___ RECORDS FOR THE TASK
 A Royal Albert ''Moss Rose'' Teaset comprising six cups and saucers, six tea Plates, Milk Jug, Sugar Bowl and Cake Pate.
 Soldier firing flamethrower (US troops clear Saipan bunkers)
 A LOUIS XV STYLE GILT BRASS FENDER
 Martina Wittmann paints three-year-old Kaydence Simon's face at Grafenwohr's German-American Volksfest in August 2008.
______
___ RECORDS FOR THE TASK
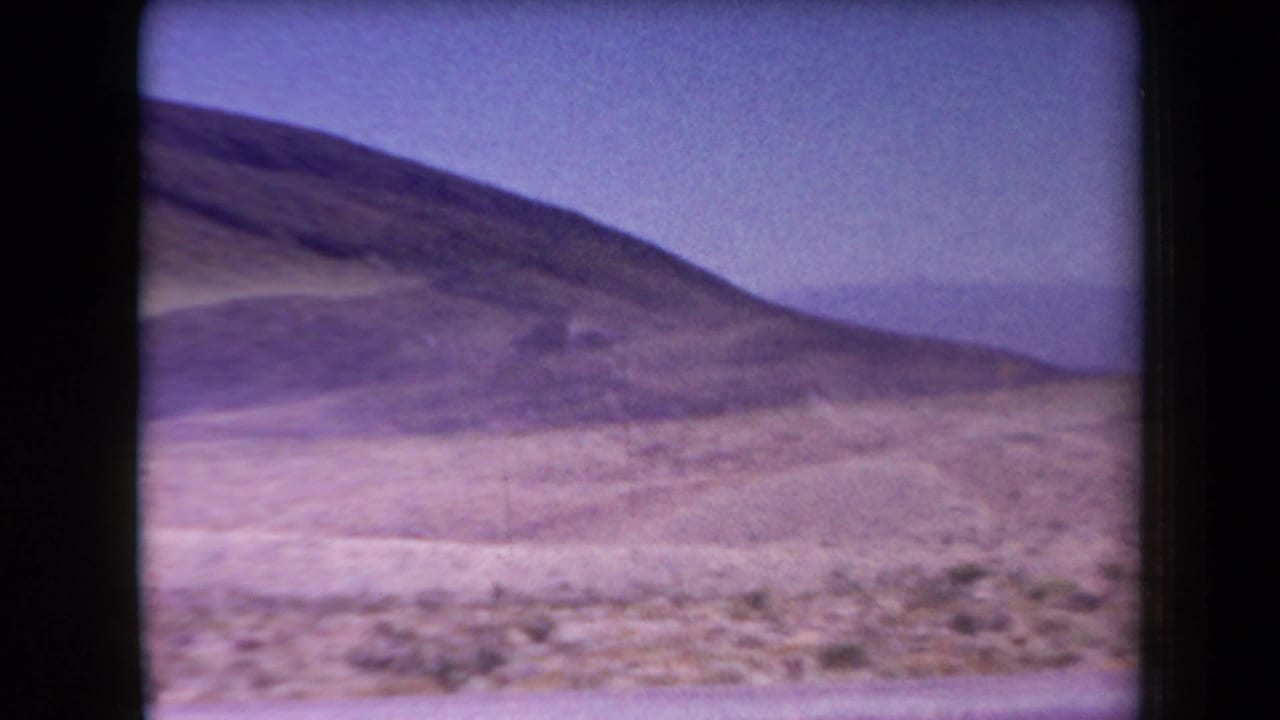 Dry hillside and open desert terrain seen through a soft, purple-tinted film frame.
______
TASK: Copy out, exactly and alone, the lines of the entries above between the ones holding "Soldier firing flamethrower" and "Martina Wittmann paints", inclusive.

SOLUTION TO THE EXERCISE:
 Soldier firing flamethrower (US troops clear Saipan bunkers)
 A LOUIS XV STYLE GILT BRASS FENDER
 Martina Wittmann paints three-year-old Kaydence Simon's face at Grafenwohr's German-American Volksfest in August 2008.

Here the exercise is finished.